Saturday, June 19, 2021 | 02:27 am

“Expert” Hackers Used 11 Zerodays to Infect Windows, iOS, and Android Users

“Expert” Hackers Used 11 Zerodays to Infect Windows, iOS, and Android Users

A team of advanced hackers exploited no fewer than 11 zeroday vulnerabilities in a nine-month campaign that used compromised websites to infect fully patched devices running Windows, iOS, and Android, a Google researcher said.

Using novel exploitation and obfuscation techniques, a mastery of a wide range of vulnerability types, and complex delivery infrastructure, the group exploited four zerodays in February 2020. The hackers’ ability to chain together multiple exploits that compromised fully patched Windows and Android devices led members of Google’s Project Zero and Threat Analysis Group to call the group “highly sophisticated.”

Not over yet

On Thursday, Project Zero researcher Maddie Stone said that, in the eight months that followed the February attacks, the same group exploited seven more previously unknown vulnerabilities, which this time also resided in iOS. As was the case in February, the hackers delivered the exploits through watering-hole attacks, which compromise websites frequented by targets of interest and add code that installs malware on visitors’ devices.

In all the attacks, the watering-hole sites redirected visitors to a sprawling infrastructure that installed different exploits depending on the devices and browsers visitors were using. Whereas the two servers used in February exploited only Windows and Android devices, the later attacks also exploited devices running iOS.
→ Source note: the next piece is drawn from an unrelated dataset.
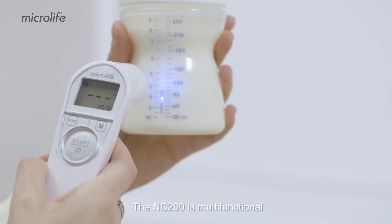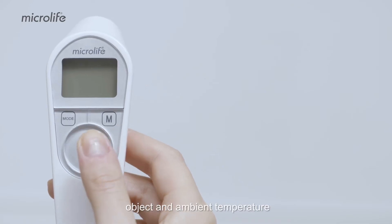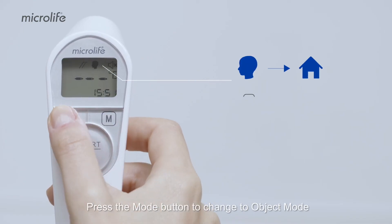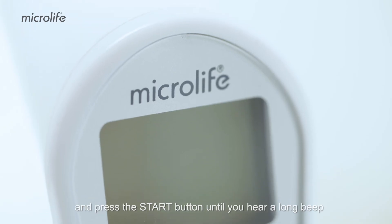The NC200 is multifunctional and can be used to measure body, object, and ambient temperature. Press the mode button to change to object mode. Aim at the center of the object and press the start button until you hear a long beep.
The ability to pierce advanced defenses built into well-fortified OSes and apps that were fully patched—for example, Chrome running on Windows 10 and Safari running on iOSA—was one testament to the group’s skill. Another testament was the group’s abundance of zerodays. After Google patched a code-execution vulnerability the attackers had been exploiting in the Chrome renderer in February, the hackers quickly added a new code-execution exploit for the Chrome V8 engine.

Piercing defenses

The complex chain of exploits is required to break through layers of defenses that are built into modern OSes and apps. Typically, a series of exploits are needed to exploit code on a targeted device, have that code break out of a browser security sandbox, and elevate privileges so the code can access sensitive parts of the OS.

Thursday’s post offered no details on the group responsible for the attacks. It would be especially interesting to know if the hackers are part of a group that’s already known to researchers or if it’s a previously unseen team. Also useful would be information about the people who were targeted.

The importance of keeping apps and OSes up to date and avoiding suspicious websites still stands. Unfortunately, neither of those things would have helped the victims hacked by this unknown group.